──────── Information shown ────────

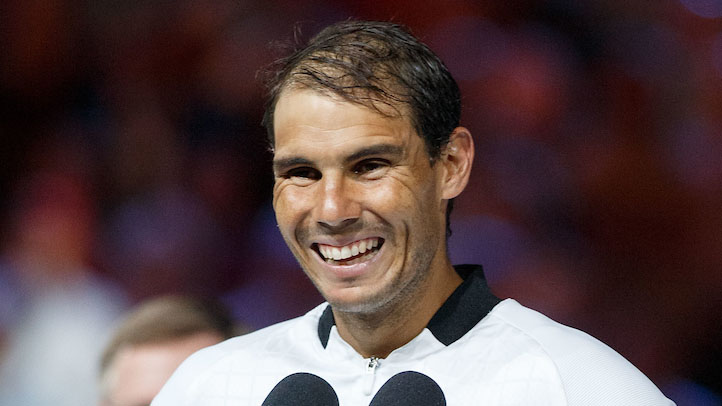 for Rafael Nadal - place for Roger Federer · tennisnet.com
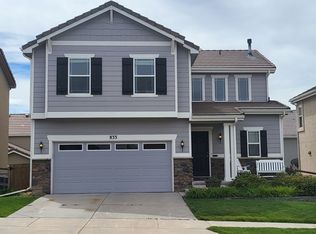 833 Fire Rock Pl, Colorado Springs, CO 80921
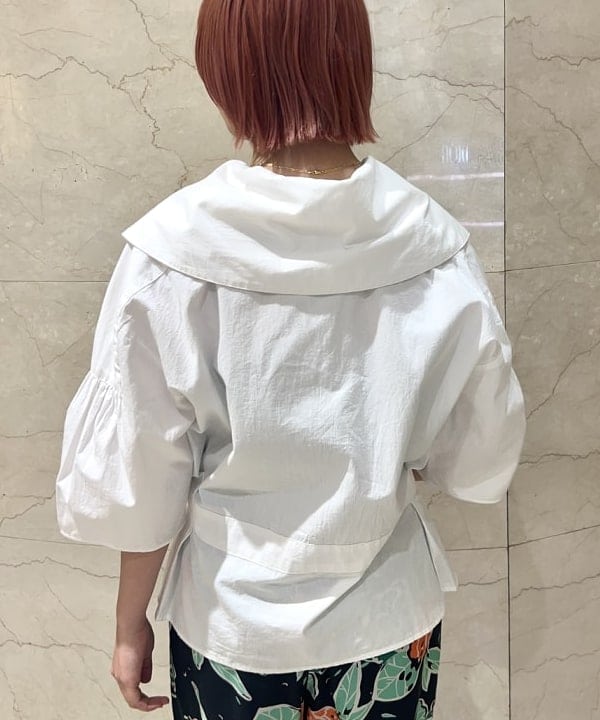 篠崎 香月さんの「BEAMS WOMEN｜」を使ったコーディネート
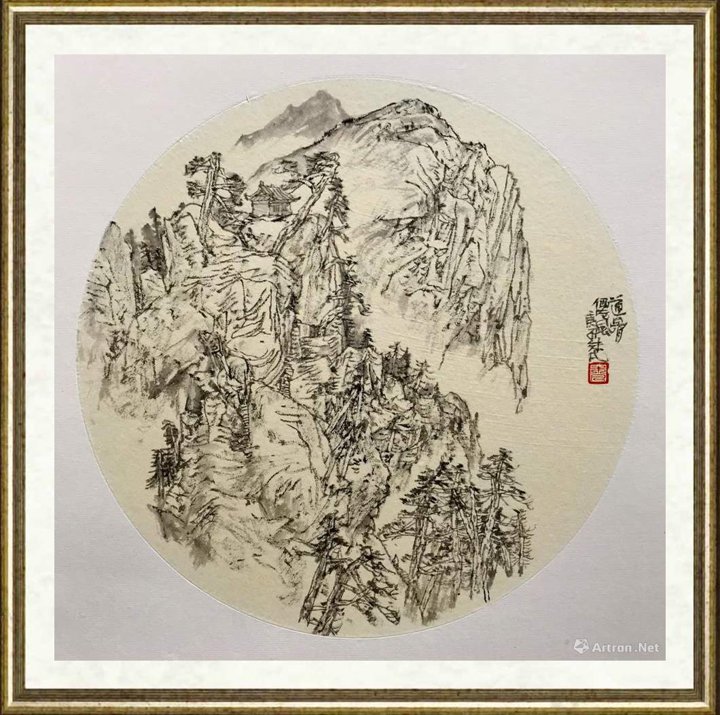 朱凡_道风仙骨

────────

Task prompt - With all pictures omitted, return the lines from the line containing "833 Fire Rock Pl, Colorado Springs, CO 80921" through the closing line of the listing above, exactly and inclusive.

Result of this task -
 833 Fire Rock Pl, Colorado Springs, CO 80921
 篠崎 香月さんの「BEAMS WOMEN｜」を使ったコーディネート
 朱凡_道风仙骨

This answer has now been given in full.